Background: Prior reports have suggested that the iron-binding protein lactoferrin (LF) may either kill Actinobacillus actinomycetemcomitans (Aa) or interfere with its binding to host cells. Other studies have indicated that the degree of iron saturation of LF might play a role in these interactions. However, these studies utilized strains that had lost critical attachment characteristics found in well-preserved clinical isolates of Aa. The purpose of this work was to study the effect of LF iron levels on survival and attachment of well-preserved clinical isolates of Aa.
Methods: LF containing 0%, 30%, and 100% iron saturation was tested for its ability to kill clinical isolates of Aa and to inhibit their binding to buccal epithelial cells (BECs).
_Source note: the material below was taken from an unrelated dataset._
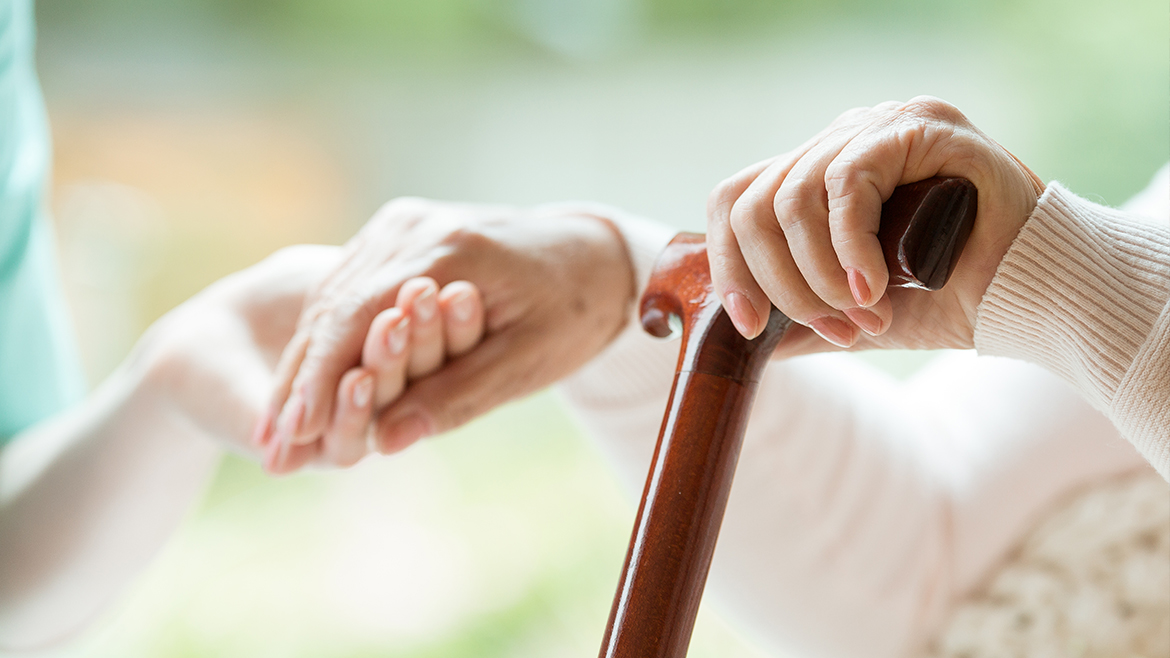 Una persona stringe la mano a una persona anziana con bastone da passeggio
Results: Neither iron-free LF (apo-LF) nor iron-saturated LF killed Aa clinical isolates. Increasing the iron saturation of LF resulted in an increased inhibition of Aa binding to BECs (P < or =0.005). This effect was consistent for the 3 clinical isolates tested. Pretreatment of Aa with iron-saturated LF reduced binding to BECs by 58%, 61.8%, and 64.2%, respectively, for each of the 3 clinical strains tested (P < or =0.005). Pretreatment of Aa strains with apo-LF, iron alone, or bovine serum albumin had no effect on binding. Pretreatment of BECs with LF (either apo-LF or iron-containing LF) had no influence on Aa binding.
Conclusions: These results indicate that reduction in binding of Aa to epithelial cells is maximized by pretreatment of Aa cells with iron-saturated lactoferrin. These in vitro results suggest that patients with lactoferrin containing lowered levels of iron would be more susceptible to Aa colonization.